What you return should be only the lines in the entries below between the one holding "Aprecie este lindo" and the one holding "enterprise application development", ends included, with every picture left out.

* INPUT DATA

»»

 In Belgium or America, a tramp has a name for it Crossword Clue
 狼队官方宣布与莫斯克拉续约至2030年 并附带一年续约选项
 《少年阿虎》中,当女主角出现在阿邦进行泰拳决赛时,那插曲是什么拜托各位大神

««
»»

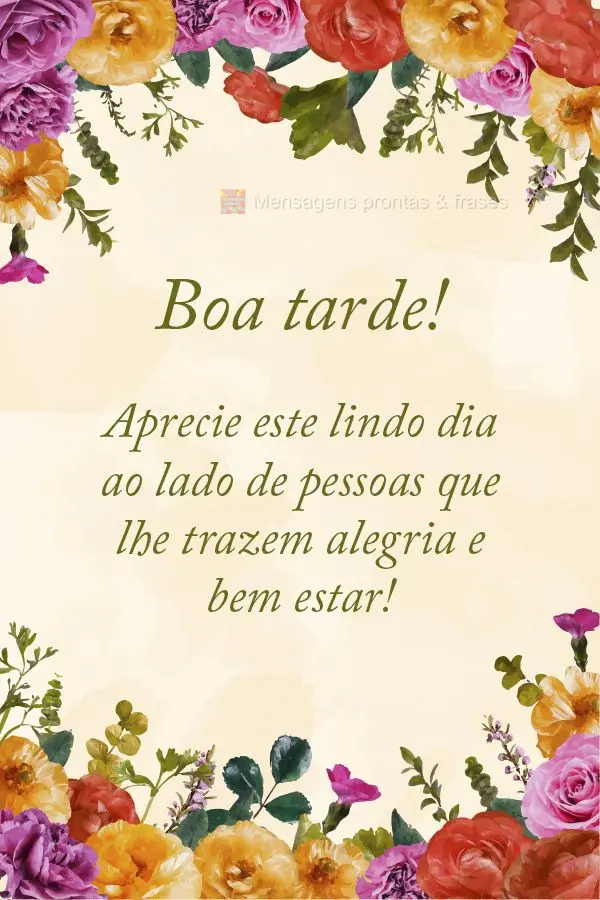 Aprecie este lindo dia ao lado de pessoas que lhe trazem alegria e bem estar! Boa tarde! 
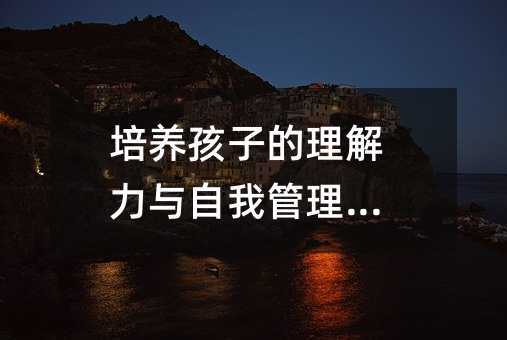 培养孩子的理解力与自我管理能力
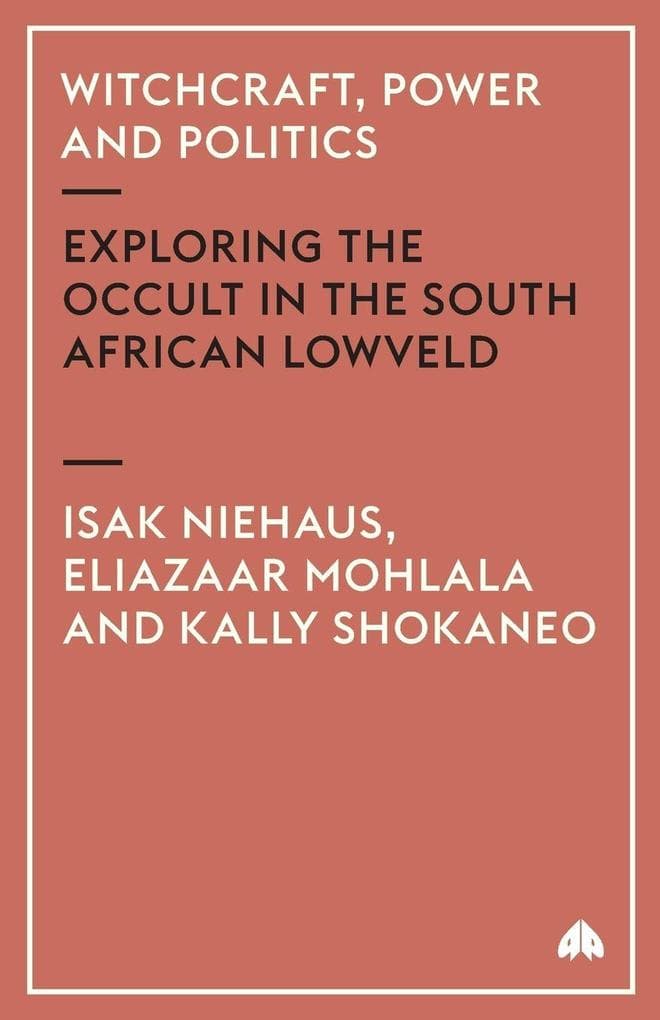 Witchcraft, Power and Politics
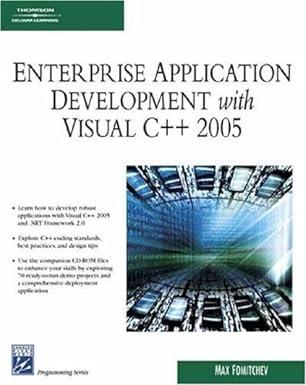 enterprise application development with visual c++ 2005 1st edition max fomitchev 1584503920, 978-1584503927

««
»»

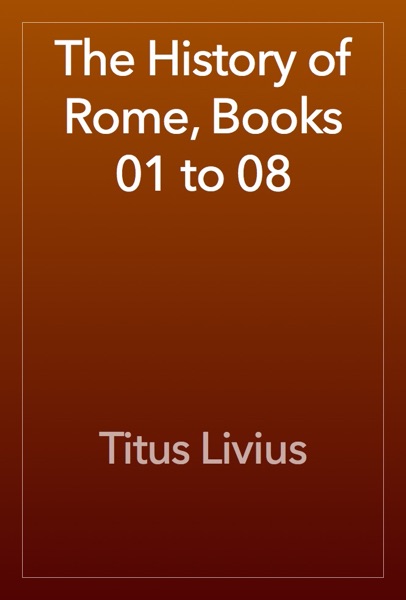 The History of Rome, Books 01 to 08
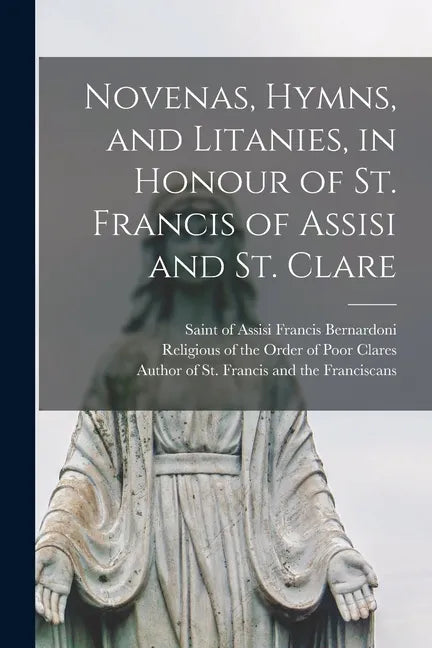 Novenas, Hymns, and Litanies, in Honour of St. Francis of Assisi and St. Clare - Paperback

««

* ANSWER TO THE PROBLEM
 Aprecie este lindo dia ao lado de pessoas que lhe trazem alegria e bem estar! Boa tarde! 
 培养孩子的理解力与自我管理能力
 Witchcraft, Power and Politics
 enterprise application development with visual c++ 2005 1st edition max fomitchev 1584503920, 978-1584503927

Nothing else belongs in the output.